*Records for this task*:
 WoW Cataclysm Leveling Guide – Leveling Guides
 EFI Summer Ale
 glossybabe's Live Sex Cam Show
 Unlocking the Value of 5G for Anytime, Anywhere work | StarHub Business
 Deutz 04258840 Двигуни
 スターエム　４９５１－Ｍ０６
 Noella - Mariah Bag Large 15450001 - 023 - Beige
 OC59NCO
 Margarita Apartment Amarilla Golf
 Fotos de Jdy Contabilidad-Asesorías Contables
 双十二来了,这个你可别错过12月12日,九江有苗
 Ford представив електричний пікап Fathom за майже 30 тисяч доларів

* * *

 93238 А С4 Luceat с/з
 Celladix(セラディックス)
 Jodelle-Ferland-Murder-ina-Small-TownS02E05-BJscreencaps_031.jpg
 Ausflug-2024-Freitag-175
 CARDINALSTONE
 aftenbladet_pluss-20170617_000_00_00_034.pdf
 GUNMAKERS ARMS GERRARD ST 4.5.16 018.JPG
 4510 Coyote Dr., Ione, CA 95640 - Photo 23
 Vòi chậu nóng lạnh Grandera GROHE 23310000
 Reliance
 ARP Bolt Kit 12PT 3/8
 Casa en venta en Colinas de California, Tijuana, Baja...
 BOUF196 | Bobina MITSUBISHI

*What the task asks*:
Give back, exactly as written, the stretch from the line with "Noella - Mariah" through the line with "Ford представив електричний", and no other lines from the records above.

*Output for this task*:
 Noella - Mariah Bag Large 15450001 - 023 - Beige
 OC59NCO
 Margarita Apartment Amarilla Golf
 Fotos de Jdy Contabilidad-Asesorías Contables
 双十二来了,这个你可别错过12月12日,九江有苗
 Ford представив електричний пікап Fathom за майже 30 тисяч доларів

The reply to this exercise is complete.